The Circle of Life–Gems and Jewels Style
My grandfather was a client of GIA’s back in the 50s and early 60s. He died only a few years after I was born, but at his company in Long Island City, New York, where both my mother and father continued to work, I grew up surrounded by the tools of an amateur gemologist—which only stopped gathering dust when my sister and I handled them (secretly, so mom wouldn’t yell). Dops aligned in hand-made open boxes, stones in various stages of cutting and faceting. Boxes of wax and sticky stuff I couldn’t identify, but stuck my fingers in anyway. And an amazing collection of uncut stones picked up on Grandpa’s travels around the US.
Oh…those beautiful, beautiful stones! For a child, it was like an endless Crayola® crayon box of treasures. Truly, I thought every kid got to play with uncut rubies, emeralds and tourmalines.
My mother shared the bounty of her father’s love and knowledge with us—saving the delicate drawings that he made before faceting certain gems, and showing them to us as my sister showed a skill for art; gathering together fluorescent stones he had mined himself, and buying a black light so we could do totally cool show-and-tells at school.
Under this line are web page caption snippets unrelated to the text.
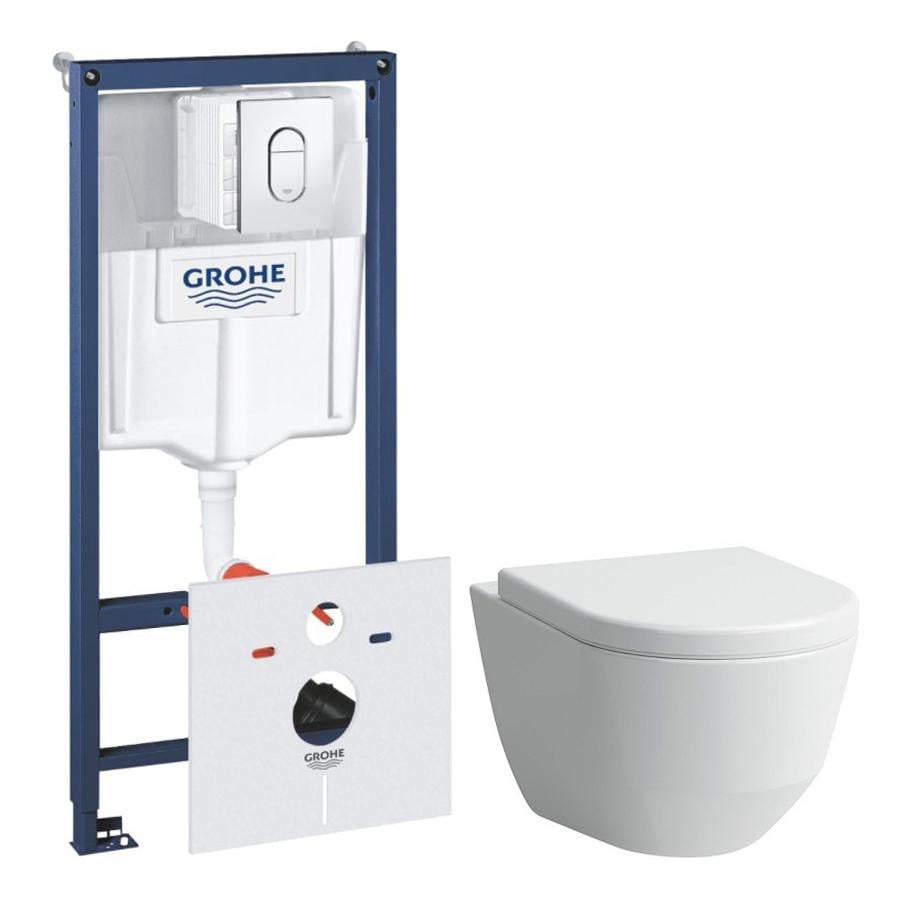 Комплект инсталляции Grohe Rapid SL H8619570000001_38929000_37131000 с унитазом кнопка Хром (147033)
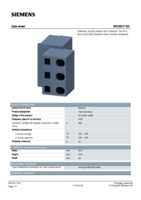 Datasheet for Siemens 3RV29175D, EAN: 4011209719002 Datasheet for Siemens 3RV29175D, EAN: 4011209719002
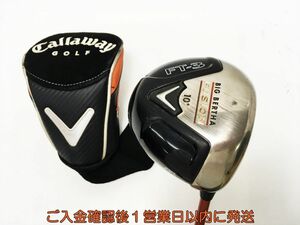 【1円】ゴルフ Callaway キャロウェイ BIG BERTHA FUSION FT-3 ドライバー 10.5°55-R 350 ゴルフクラブ T04-145tm/F7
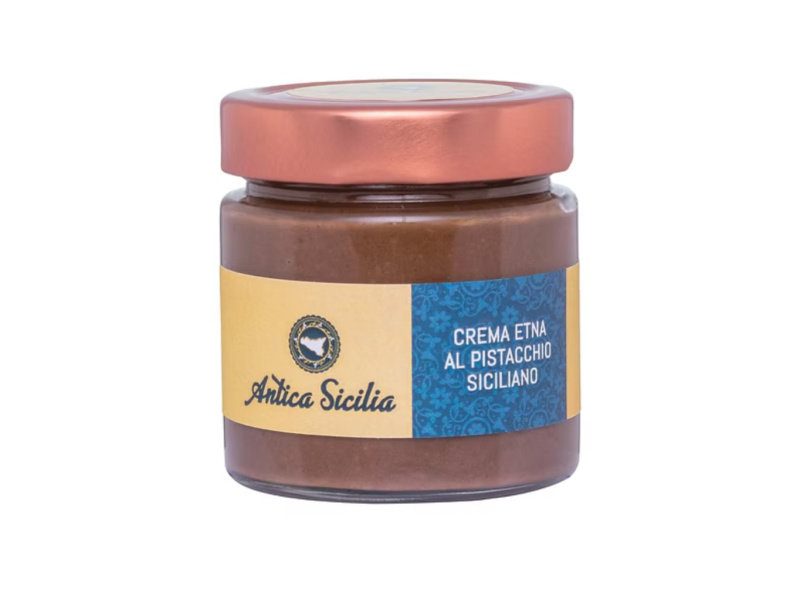 Antica Sicilia Pistáciový krém Etna (Crema Etna al Pistacchio 40%) 210g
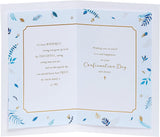 Flower Design Confirmation Card for Grandson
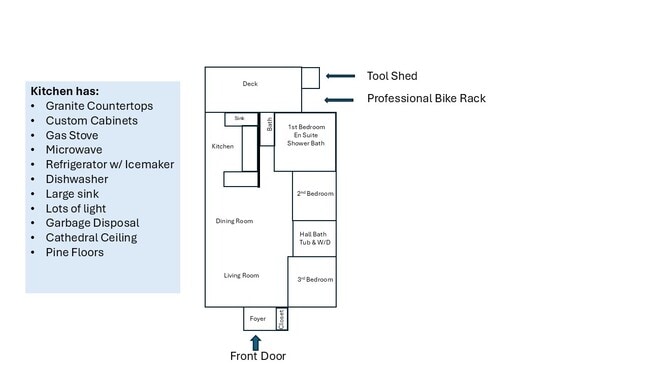 Floor plan - 206 N Graham St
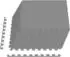 vidaXL Bodenmatte 12 Stk. grau 4,32m² EVA-Schaum (42040733)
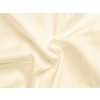 Brotex Smotanové saténové prestieradlo plachta bez gumy Rozmer: 240x230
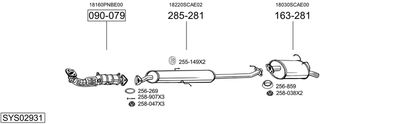 BOSAL SYS02931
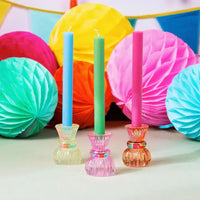 Green Glass Small Candle Holder General Party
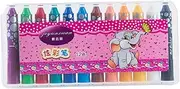 BRIGHTFUFU Coloring Pens 12pcs Kids Crayon Pencil Crayons Cartoon Crayons Holiday Crayons Easter Basket Fillers Wax Crayons Pens Crayons Bulk Drawing Crayons Child Paintbrush Water Soluble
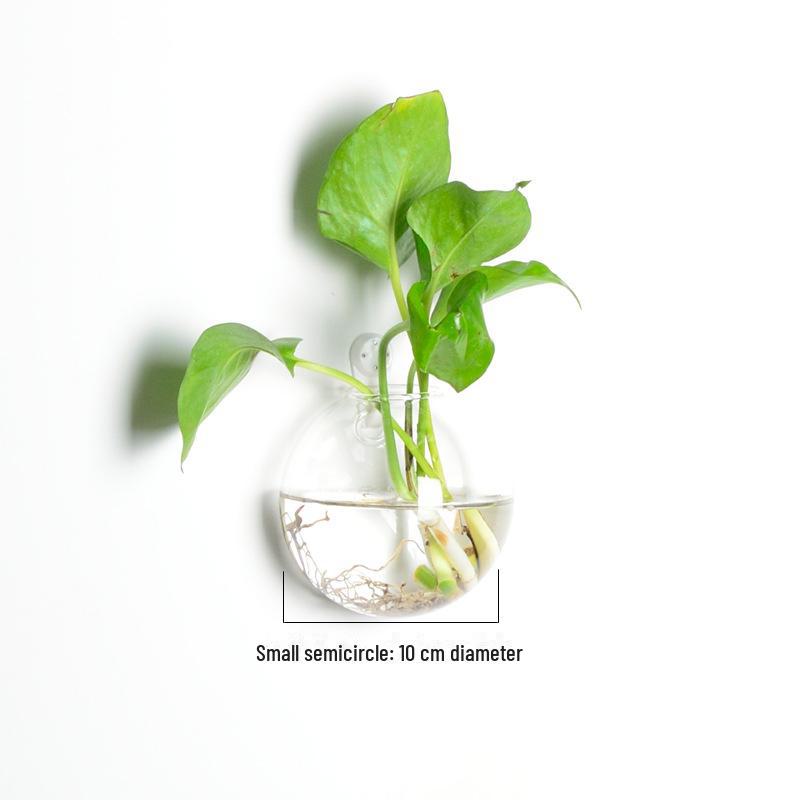 Ваза из выдувного стекла ручной работы для украшения стен и цветочных композиций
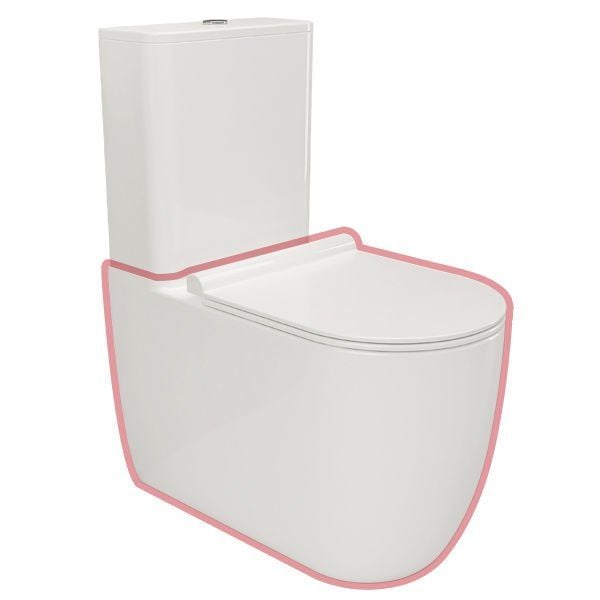 Hafele Yerden Klozet Arena Floor R Parlak Beyaz Renk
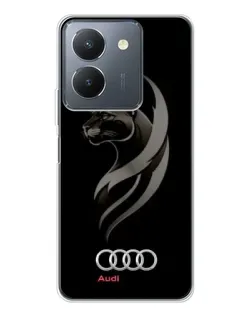 Чехол для Vivo S30 с картинкой «Графика — пантера и Audi»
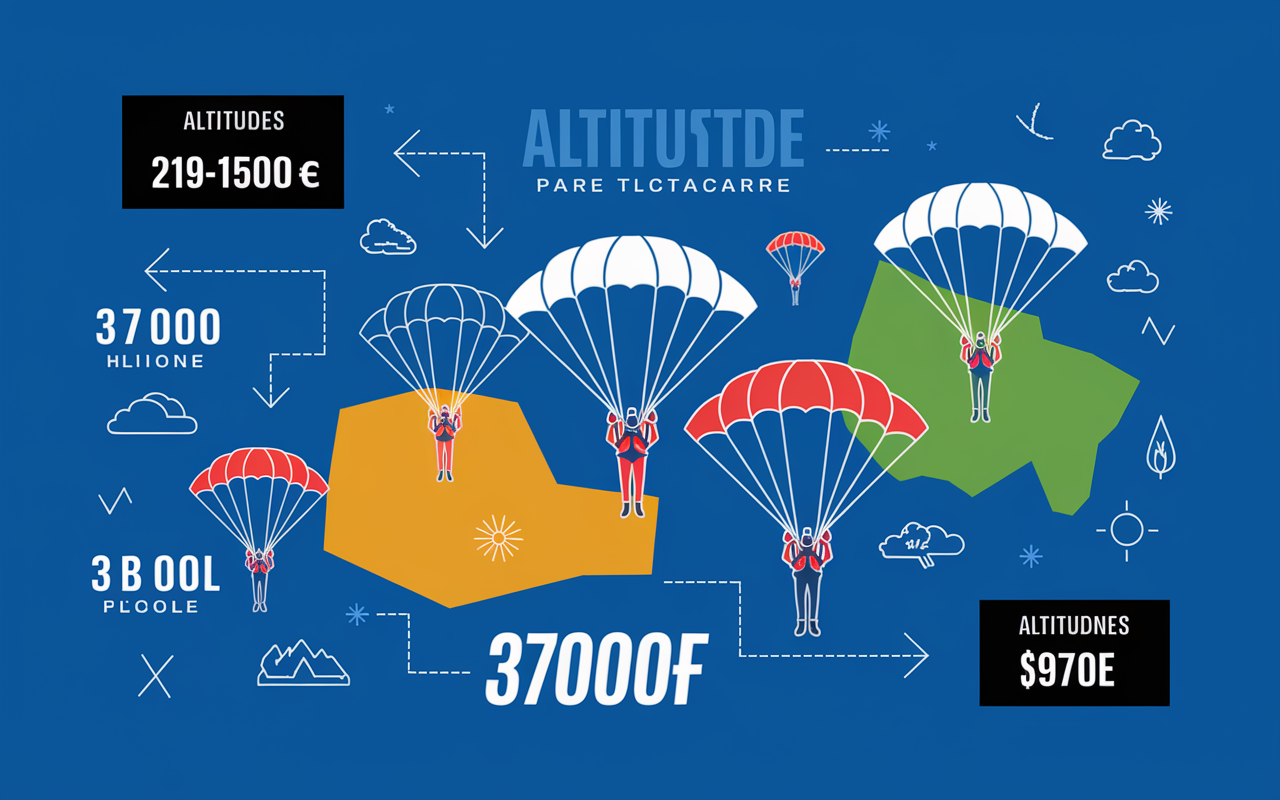 tableau prix saut en parachute france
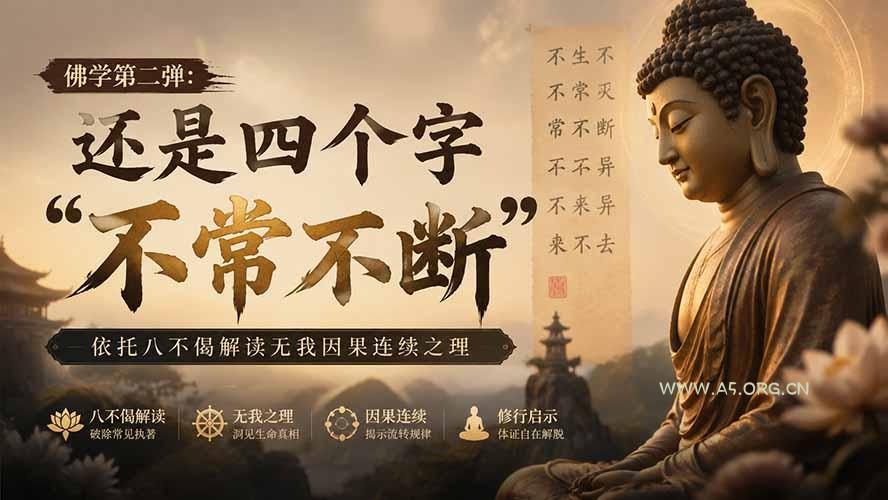 付费文章:佛学第二弹:还是四个字“不常不断”依托八不偈解读无我因果连续之理 - 小红泡 付费文章:佛学第二弹:还是四个字“不常不断”依托八不偈解读无我因果连续之理 - 小红泡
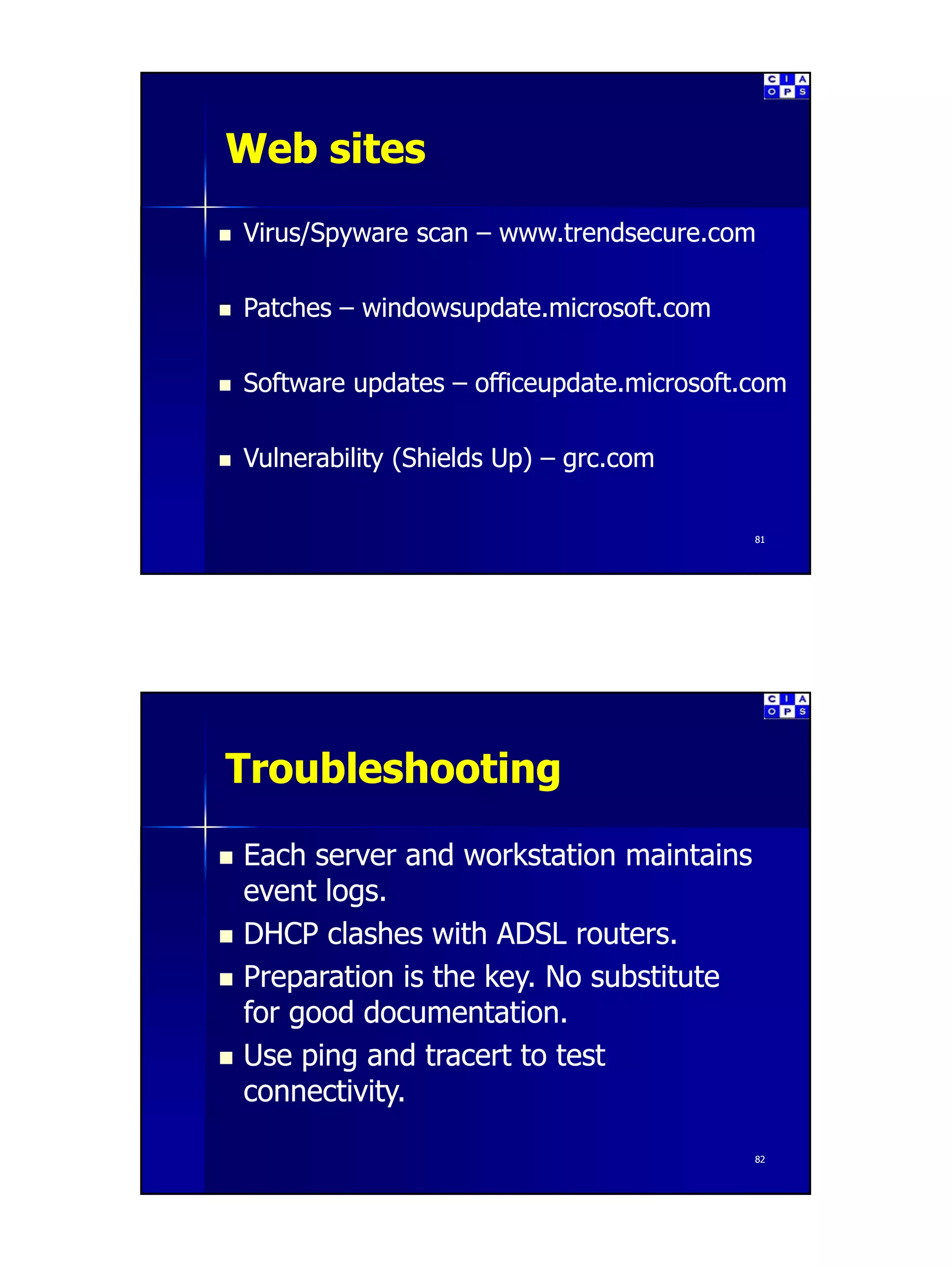 Introduction to Small Business Server Part 3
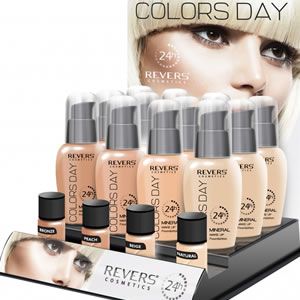 Revers Mineral Foundation Colors Day 50мл Фон дьо тен COLOURS DAY осигурява средно покритие и ефект на безупречна кожа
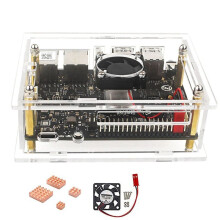 Akrylfodral för VisionFive 2 Development Board Development Board Box Transparent Fodral med KylfläKt KylfläNssats
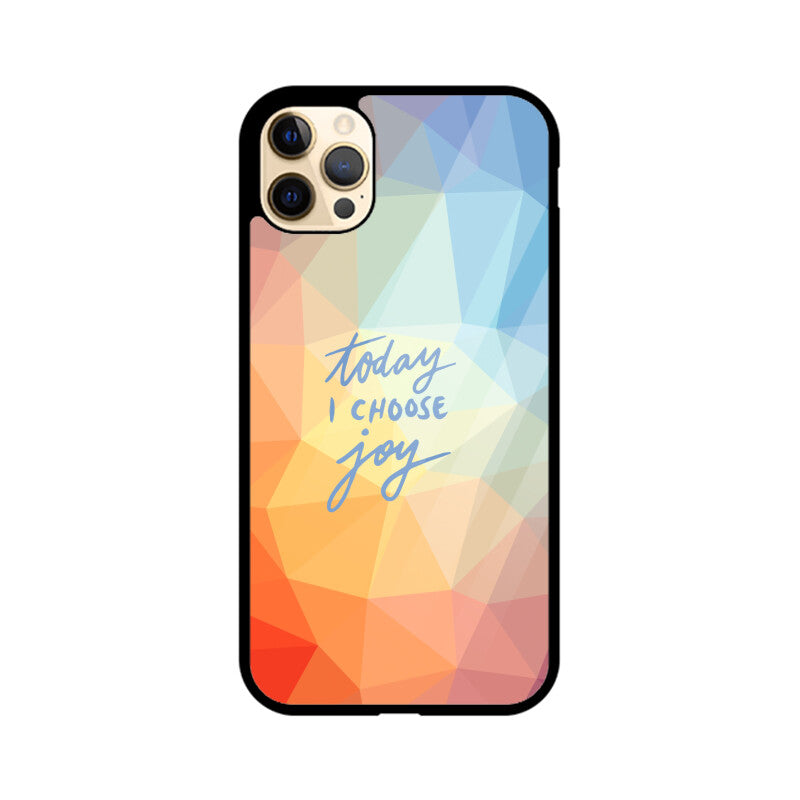 Orange Blue Yellow Geometric Phone Case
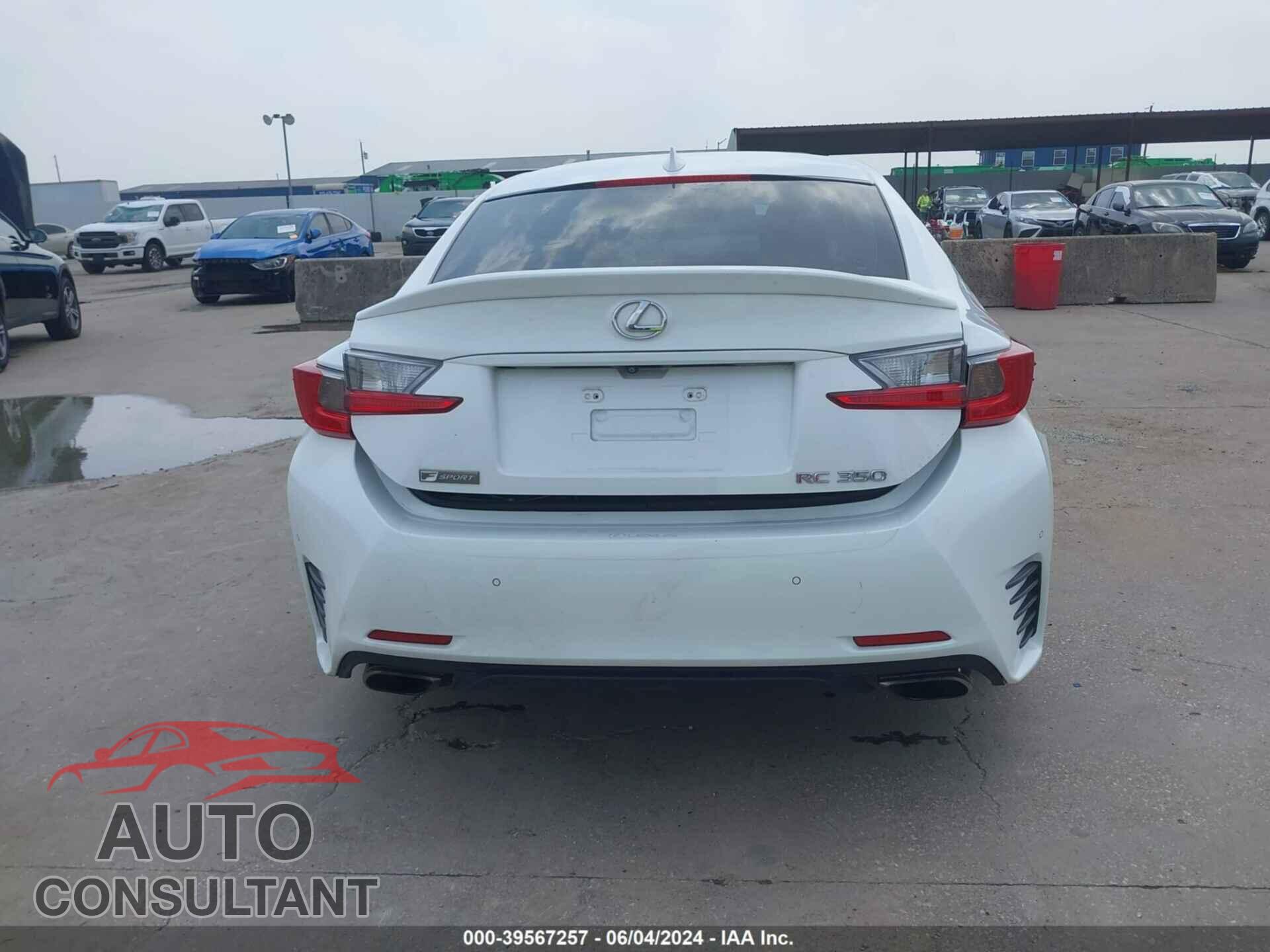 LEXUS RC 350 2016 - JTHHE5BC0G5013772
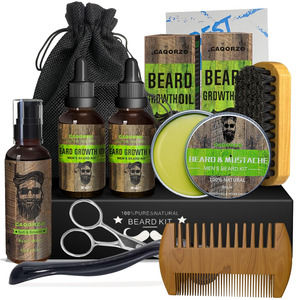 Beard Care Kit for Men Beard Grooming Kit W/Beard Oil, Beard Wash,Beard Balm, Be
The gardens around the house were decorated with larger pieces from the collection: rose quartz, amethysts and emeralds in substrate, and the occasional chunks pyrite for glitz. I remember a fascination with the geodes that were displayed on hutches and open cabinets around the house. How had he known something so crystalline and beautiful would be inside something so hard and dull?
Getting to write about GIA on this blog is the amazing completion of a circle for me that started with Grandpa Victor. He was no snob from what I could tell—he seemed to collect any rock he found interesting or beautiful. Sure, there were many semi-precious gems in his collection. But there were the simple pebbles he picked up to practice his polishing technique. The agate that became gorgeous cabochons for pendants my mom still wears. And the old cigar boxes filled with meticulously cut “pillows” for the gems he did facet. While I am not a gem expert, I will be able to share with you all that GIA has to offer…while reveling in the DNA that made me a gem-lover, too. I hope you’ll enjoy the journey.